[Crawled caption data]
☆ ☆ ☆ ☆ ☆

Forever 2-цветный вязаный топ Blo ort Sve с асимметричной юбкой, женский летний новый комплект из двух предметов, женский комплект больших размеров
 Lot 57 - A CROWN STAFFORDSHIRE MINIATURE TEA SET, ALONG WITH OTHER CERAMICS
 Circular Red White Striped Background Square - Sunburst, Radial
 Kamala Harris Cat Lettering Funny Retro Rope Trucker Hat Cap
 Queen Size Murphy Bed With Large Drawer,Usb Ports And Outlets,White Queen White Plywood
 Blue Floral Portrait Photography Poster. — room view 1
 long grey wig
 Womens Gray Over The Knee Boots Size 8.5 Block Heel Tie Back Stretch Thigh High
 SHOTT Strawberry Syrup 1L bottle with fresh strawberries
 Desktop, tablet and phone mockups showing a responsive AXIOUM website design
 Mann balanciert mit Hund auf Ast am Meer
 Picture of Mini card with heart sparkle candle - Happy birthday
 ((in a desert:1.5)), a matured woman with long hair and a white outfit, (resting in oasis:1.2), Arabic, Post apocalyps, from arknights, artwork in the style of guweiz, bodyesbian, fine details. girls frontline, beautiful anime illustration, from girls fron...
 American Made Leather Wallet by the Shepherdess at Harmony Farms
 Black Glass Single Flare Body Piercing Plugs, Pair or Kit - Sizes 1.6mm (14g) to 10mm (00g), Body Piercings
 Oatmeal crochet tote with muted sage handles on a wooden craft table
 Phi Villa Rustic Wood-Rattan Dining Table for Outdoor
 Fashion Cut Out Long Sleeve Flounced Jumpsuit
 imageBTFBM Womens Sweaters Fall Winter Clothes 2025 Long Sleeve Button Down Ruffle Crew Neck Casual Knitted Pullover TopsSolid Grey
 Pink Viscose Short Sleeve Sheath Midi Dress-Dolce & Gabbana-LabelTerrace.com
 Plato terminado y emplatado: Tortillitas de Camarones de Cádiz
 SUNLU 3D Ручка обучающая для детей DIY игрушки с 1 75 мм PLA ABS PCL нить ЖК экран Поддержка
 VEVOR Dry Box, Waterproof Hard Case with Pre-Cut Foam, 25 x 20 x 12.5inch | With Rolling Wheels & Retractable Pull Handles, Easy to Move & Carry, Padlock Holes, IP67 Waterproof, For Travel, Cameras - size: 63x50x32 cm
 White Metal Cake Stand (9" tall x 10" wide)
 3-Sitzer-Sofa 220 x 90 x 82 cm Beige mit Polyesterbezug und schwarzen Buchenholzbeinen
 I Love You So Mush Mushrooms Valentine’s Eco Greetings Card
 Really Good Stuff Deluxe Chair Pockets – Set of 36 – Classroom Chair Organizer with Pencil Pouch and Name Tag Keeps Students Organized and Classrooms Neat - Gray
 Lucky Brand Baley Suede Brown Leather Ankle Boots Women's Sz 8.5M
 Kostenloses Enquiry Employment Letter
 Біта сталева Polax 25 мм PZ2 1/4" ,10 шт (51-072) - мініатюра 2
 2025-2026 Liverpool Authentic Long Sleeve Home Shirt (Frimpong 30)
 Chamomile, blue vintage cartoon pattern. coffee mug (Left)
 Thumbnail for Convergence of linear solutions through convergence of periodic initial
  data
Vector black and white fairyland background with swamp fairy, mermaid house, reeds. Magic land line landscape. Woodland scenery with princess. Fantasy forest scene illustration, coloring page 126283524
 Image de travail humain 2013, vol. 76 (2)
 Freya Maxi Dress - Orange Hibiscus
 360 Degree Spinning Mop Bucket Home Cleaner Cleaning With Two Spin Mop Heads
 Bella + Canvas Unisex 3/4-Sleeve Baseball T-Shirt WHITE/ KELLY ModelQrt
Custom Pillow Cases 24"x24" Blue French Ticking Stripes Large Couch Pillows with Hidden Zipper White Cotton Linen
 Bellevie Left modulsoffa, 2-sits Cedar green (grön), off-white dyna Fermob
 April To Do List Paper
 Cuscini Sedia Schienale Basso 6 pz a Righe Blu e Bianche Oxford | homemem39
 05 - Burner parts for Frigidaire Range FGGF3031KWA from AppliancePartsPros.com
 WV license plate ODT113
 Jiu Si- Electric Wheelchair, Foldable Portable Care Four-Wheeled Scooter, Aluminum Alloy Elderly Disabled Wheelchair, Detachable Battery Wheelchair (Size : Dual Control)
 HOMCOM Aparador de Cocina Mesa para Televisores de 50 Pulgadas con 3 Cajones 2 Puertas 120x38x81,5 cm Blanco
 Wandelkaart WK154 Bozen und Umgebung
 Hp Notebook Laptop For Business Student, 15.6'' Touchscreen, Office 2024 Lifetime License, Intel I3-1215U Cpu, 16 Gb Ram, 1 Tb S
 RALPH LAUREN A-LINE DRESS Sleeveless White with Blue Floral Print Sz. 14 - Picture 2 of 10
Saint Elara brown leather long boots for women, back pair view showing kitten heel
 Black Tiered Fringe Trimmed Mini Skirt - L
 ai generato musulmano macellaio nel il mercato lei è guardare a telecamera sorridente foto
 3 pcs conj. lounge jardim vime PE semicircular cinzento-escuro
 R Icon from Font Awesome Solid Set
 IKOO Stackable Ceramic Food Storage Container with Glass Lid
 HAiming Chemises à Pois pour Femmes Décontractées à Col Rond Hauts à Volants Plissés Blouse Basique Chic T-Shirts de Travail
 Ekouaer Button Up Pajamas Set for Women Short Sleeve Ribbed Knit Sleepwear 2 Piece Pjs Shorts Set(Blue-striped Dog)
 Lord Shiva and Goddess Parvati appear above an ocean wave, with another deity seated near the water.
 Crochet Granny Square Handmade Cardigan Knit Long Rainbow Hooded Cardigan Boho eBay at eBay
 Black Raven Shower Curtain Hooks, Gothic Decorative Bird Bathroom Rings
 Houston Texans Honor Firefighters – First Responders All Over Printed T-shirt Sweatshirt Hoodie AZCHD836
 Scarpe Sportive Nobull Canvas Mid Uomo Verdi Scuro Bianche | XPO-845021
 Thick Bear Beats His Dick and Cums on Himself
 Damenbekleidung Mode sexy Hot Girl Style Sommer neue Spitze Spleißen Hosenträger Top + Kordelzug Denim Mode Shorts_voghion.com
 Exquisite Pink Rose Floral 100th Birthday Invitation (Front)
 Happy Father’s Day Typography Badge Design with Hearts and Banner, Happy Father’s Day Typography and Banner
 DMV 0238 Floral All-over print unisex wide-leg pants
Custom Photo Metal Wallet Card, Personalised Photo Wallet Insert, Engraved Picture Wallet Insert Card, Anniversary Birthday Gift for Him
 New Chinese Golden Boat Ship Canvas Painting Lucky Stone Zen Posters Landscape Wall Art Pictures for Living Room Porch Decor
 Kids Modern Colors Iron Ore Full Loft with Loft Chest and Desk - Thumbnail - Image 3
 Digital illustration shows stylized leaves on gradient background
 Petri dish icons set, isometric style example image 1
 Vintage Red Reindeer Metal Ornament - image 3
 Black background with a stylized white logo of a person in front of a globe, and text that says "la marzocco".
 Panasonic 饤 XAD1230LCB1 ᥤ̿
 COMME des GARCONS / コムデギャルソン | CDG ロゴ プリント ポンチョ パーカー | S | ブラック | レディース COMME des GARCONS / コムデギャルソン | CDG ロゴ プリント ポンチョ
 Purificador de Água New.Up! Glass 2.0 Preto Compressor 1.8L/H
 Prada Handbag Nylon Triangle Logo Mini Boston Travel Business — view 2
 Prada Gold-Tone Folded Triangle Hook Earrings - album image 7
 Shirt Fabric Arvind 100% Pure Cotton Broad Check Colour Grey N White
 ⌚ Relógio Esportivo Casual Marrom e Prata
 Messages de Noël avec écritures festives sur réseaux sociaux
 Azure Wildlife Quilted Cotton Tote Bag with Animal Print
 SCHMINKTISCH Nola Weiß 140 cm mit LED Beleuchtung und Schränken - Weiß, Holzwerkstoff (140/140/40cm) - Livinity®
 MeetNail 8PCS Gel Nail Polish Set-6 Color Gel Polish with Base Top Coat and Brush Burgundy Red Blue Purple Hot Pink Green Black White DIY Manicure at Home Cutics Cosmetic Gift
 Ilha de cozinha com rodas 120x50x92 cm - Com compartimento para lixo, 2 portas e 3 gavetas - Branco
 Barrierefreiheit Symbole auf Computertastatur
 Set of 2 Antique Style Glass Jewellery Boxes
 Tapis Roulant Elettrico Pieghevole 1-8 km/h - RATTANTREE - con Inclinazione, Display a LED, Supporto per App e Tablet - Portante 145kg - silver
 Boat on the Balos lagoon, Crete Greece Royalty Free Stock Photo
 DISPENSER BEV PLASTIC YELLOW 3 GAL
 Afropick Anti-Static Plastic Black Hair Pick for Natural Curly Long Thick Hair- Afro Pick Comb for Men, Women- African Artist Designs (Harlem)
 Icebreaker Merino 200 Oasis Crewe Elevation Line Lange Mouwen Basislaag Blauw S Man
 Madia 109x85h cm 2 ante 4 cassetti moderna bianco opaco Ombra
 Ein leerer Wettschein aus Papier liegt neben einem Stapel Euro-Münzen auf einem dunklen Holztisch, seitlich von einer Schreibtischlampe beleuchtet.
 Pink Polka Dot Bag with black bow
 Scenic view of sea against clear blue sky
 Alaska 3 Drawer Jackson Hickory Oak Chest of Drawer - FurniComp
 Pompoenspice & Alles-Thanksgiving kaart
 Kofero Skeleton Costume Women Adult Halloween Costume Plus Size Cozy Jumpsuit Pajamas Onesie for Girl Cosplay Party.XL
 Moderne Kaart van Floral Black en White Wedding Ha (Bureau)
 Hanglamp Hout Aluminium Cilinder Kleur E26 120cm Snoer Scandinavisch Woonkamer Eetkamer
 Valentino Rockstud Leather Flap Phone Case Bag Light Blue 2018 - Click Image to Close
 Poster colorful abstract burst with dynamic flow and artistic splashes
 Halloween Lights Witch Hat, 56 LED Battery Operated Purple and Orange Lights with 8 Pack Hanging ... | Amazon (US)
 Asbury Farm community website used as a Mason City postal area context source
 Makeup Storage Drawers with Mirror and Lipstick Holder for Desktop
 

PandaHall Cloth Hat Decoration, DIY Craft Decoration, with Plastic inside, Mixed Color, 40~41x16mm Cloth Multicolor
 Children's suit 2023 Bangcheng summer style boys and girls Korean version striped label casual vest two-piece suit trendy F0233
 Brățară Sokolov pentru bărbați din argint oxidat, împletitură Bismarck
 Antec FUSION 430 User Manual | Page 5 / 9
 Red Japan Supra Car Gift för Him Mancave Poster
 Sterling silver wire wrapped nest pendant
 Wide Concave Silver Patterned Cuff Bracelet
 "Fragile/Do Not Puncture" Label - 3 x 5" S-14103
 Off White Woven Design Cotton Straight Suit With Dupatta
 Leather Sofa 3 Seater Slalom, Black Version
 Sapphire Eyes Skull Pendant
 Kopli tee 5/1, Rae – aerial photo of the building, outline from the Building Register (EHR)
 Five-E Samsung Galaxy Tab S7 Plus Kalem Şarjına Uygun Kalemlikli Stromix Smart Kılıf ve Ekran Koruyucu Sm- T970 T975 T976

☆ ☆ ☆ ☆ ☆

▸ Problem description
Copy the lines from the start of the data verbatim, stopping after the line containing "Lot 57 - A CROWN".

▸ Problem solution
Forever 2-цветный вязаный топ Blo ort Sve с асимметричной юбкой, женский летний новый комплект из двух предметов, женский комплект больших размеров
 Lot 57 - A CROWN STAFFORDSHIRE MINIATURE TEA SET, ALONG WITH OTHER CERAMICS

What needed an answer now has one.